§ **ENTRIES SUPPLIED**:
*** Block opens ***

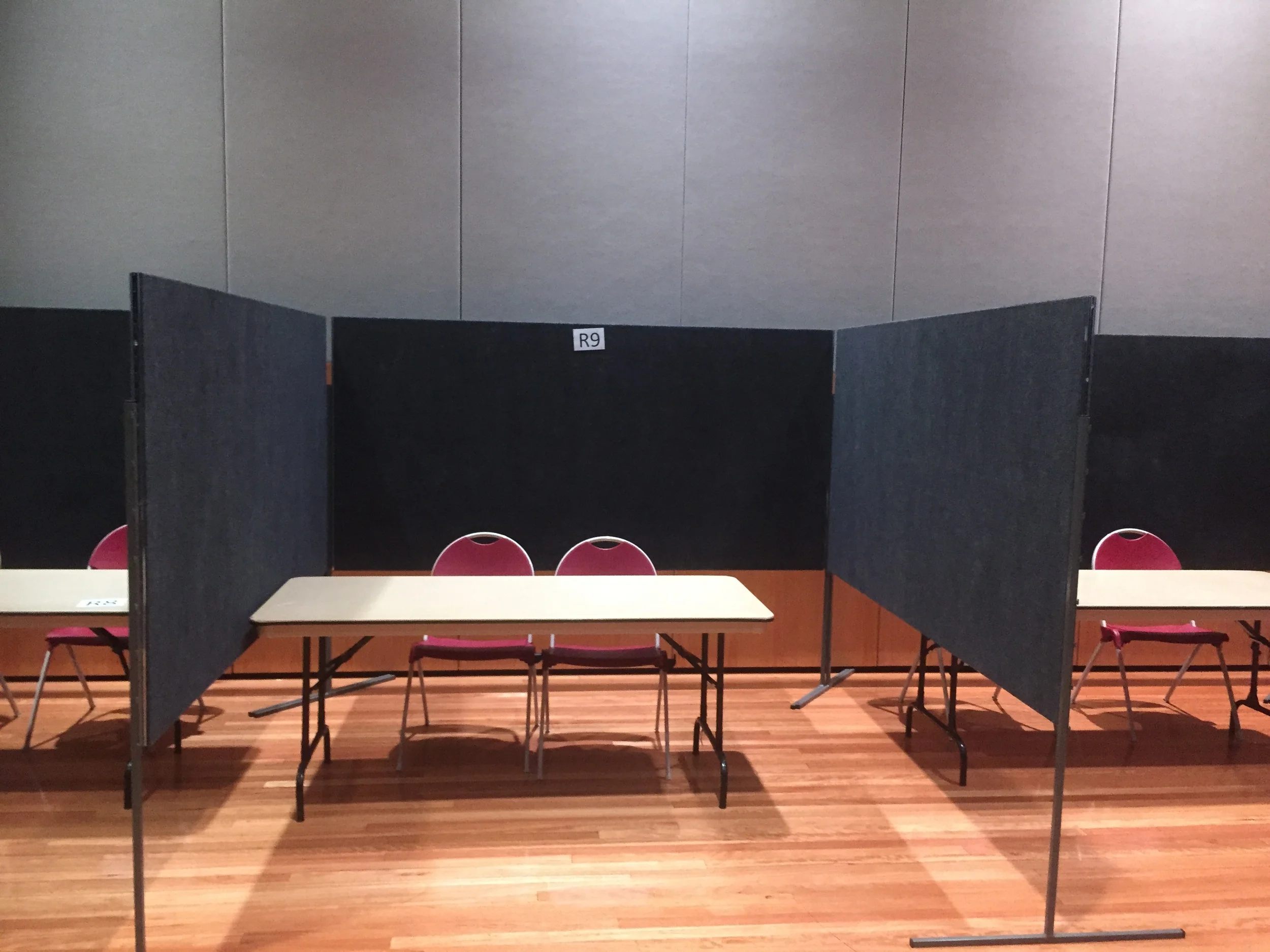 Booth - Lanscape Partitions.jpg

*** Block closes ***
*** Block opens ***

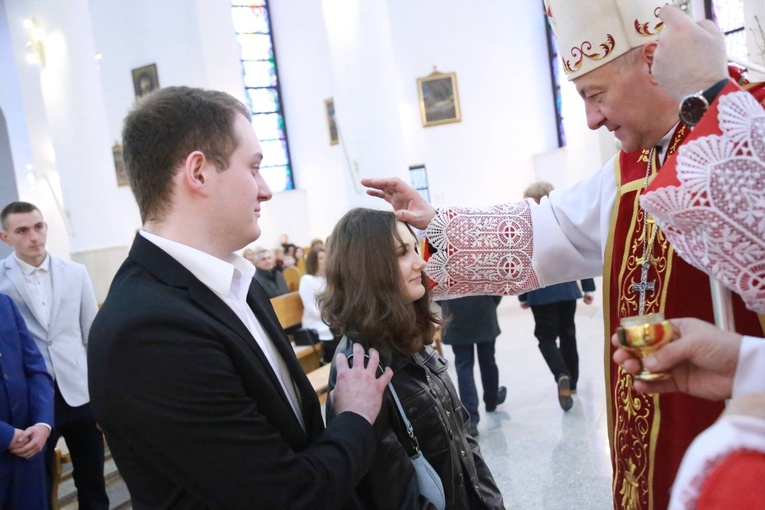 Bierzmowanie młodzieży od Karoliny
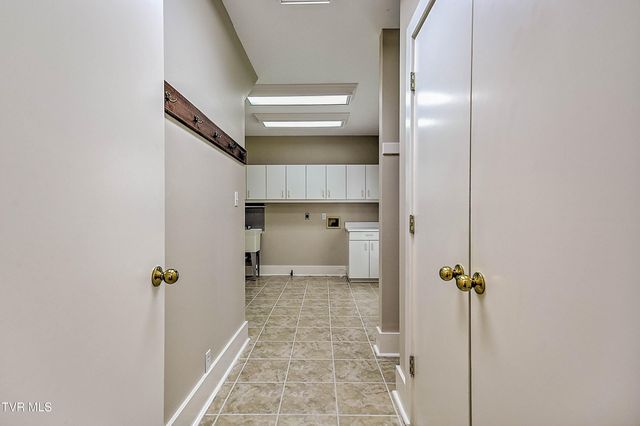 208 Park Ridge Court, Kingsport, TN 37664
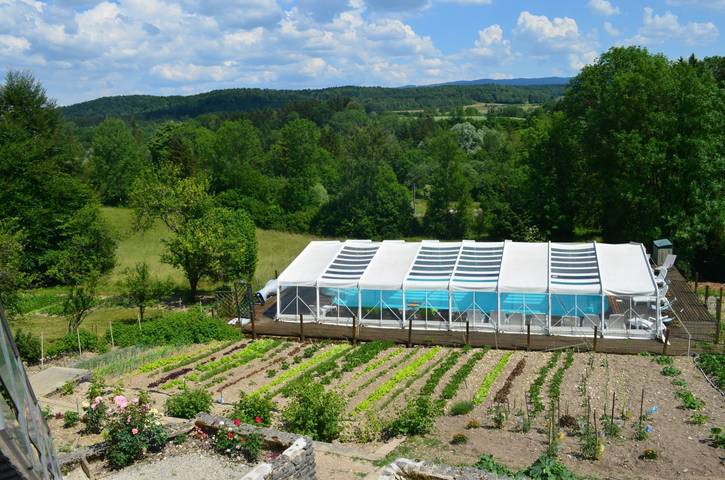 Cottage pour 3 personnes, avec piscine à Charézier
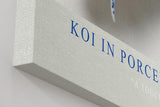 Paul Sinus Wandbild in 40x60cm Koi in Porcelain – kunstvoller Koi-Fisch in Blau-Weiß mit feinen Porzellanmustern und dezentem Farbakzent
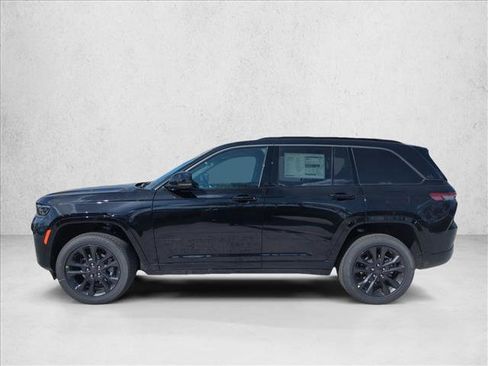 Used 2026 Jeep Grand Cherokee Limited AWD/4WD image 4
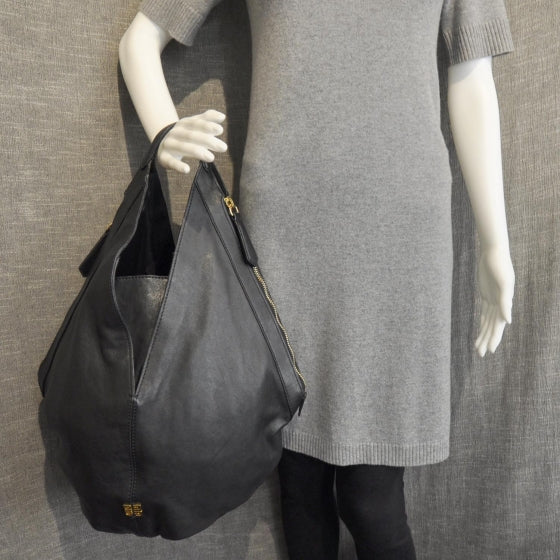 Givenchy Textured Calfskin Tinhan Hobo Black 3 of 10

*** Block closes ***
*** Block opens ***

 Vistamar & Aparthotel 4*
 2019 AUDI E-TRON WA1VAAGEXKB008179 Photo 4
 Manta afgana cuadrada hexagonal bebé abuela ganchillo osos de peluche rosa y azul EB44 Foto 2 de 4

*** Block closes ***

§ **YOUR OBJECTIVE**:
The copy should hold exactly the lines above from the one with "Bierzmowanie młodzieży od Karoliny" through the one with "Paul Sinus Wandbild", both ends counted, and no pictures at all.

§ **TASK RESPONSE**:
 Bierzmowanie młodzieży od Karoliny
 208 Park Ridge Court, Kingsport, TN 37664
 Cottage pour 3 personnes, avec piscine à Charézier
 Paul Sinus Wandbild in 40x60cm Koi in Porcelain – kunstvoller Koi-Fisch in Blau-Weiß mit feinen Porzellanmustern und dezentem Farbakzent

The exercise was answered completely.